● **YOUR ASSIGNMENT**
Range to copy from the entries below: the line containing "First thing I'm" through the line containing "Inertial principle of", inclusive. Retype only those lines, exactly, without any images.

● **STUDY MATERIAL**
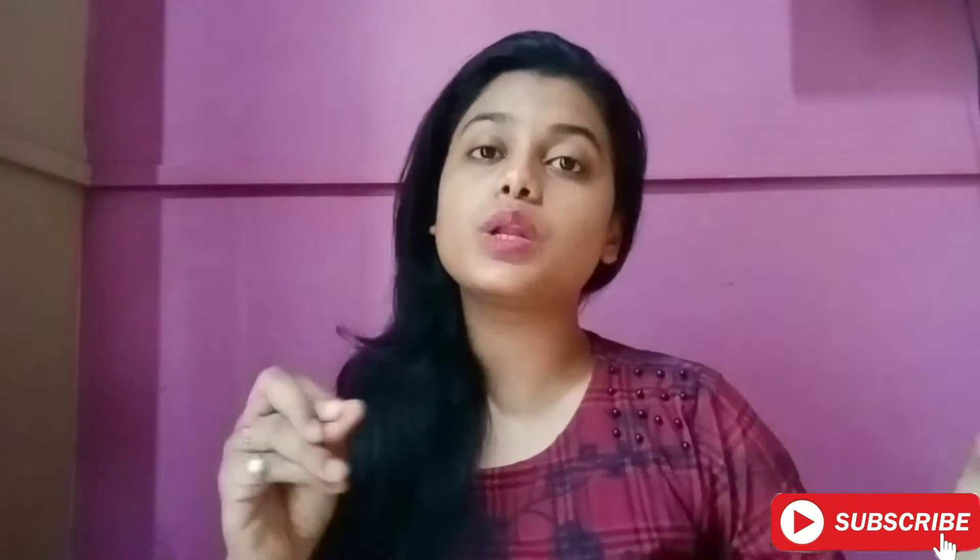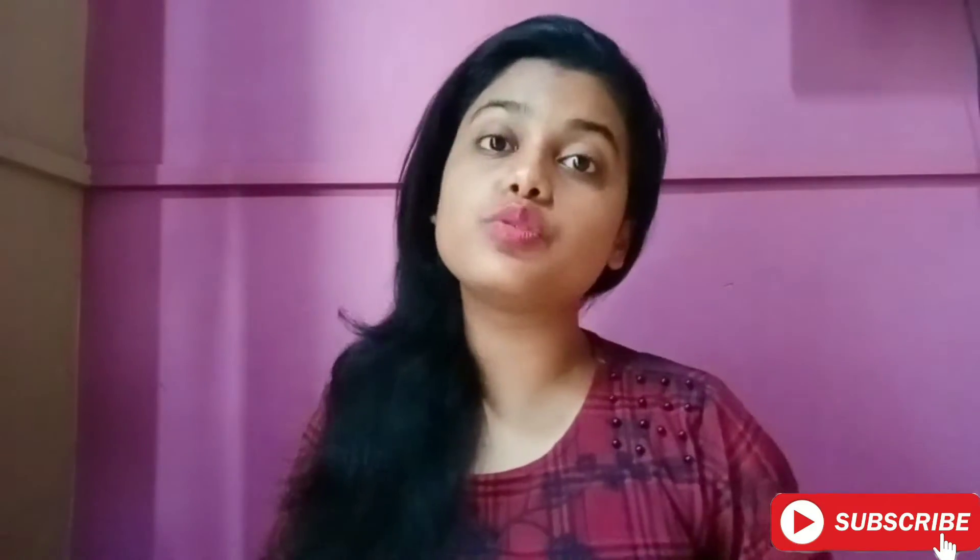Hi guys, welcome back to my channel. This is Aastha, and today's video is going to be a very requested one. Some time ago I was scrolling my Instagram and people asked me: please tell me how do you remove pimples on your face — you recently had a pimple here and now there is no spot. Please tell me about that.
* * *
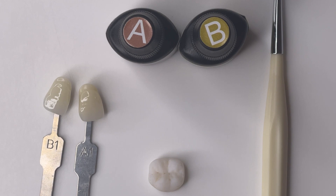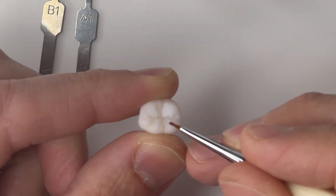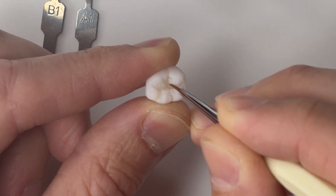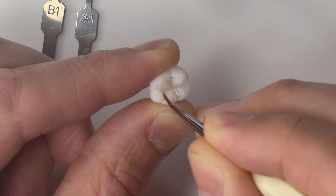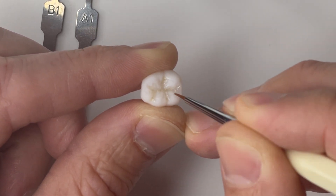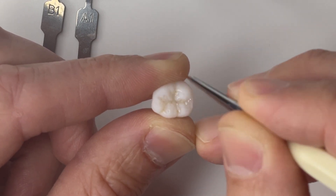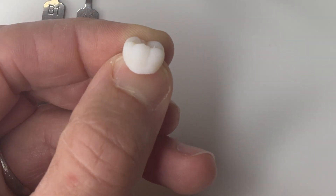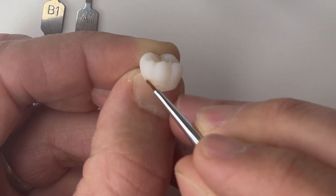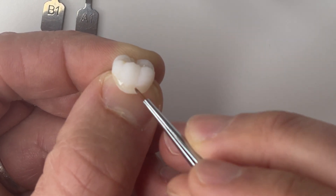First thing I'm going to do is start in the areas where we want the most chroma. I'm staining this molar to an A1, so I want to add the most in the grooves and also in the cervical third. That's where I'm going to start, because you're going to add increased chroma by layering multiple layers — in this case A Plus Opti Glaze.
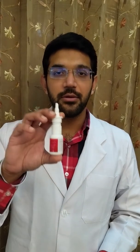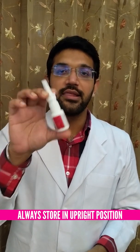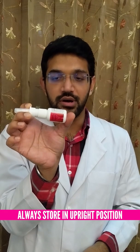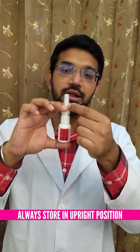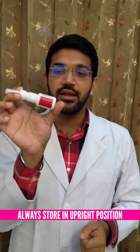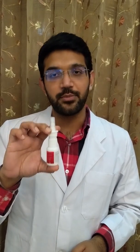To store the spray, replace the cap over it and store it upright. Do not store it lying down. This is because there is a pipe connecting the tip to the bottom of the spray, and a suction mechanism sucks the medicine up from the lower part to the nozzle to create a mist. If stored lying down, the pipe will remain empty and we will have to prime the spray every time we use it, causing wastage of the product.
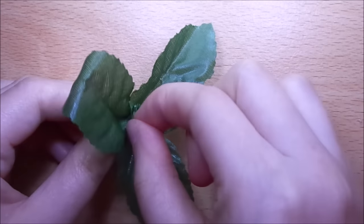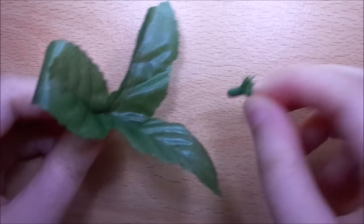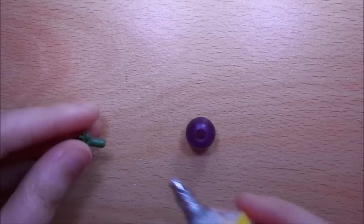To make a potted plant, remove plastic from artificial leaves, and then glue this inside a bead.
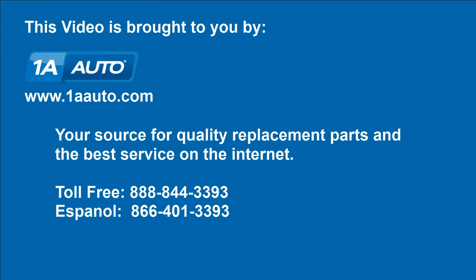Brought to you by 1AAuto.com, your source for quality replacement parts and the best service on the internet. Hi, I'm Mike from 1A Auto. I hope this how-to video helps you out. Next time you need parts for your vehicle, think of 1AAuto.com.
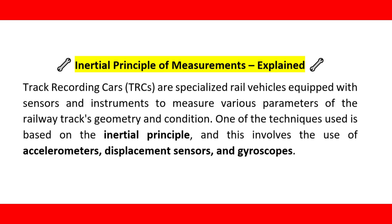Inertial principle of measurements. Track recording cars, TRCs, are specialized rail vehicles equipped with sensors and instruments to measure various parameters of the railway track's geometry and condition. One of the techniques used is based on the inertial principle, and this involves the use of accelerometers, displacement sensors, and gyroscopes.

● **RESPONSE TO THIS TASK**
First thing I'm going to do is start in the areas where we want the most chroma. I'm staining this molar to an A1, so I want to add the most in the grooves and also in the cervical third. That's where I'm going to start, because you're going to add increased chroma by layering multiple layers — in this case A Plus Opti Glaze.
To store the spray, replace the cap over it and store it upright. Do not store it lying down. This is because there is a pipe connecting the tip to the bottom of the spray, and a suction mechanism sucks the medicine up from the lower part to the nozzle to create a mist. If stored lying down, the pipe will remain empty and we will have to prime the spray every time we use it, causing wastage of the product.
To make a potted plant, remove plastic from artificial leaves, and then glue this inside a bead.
Brought to you by 1AAuto.com, your source for quality replacement parts and the best service on the internet. Hi, I'm Mike from 1A Auto. I hope this how-to video helps you out. Next time you need parts for your vehicle, think of 1AAuto.com.
Inertial principle of measurements. Track recording cars, TRCs, are specialized rail vehicles equipped with sensors and instruments to measure various parameters of the railway track's geometry and condition. One of the techniques used is based on the inertial principle, and this involves the use of accelerometers, displacement sensors, and gyroscopes.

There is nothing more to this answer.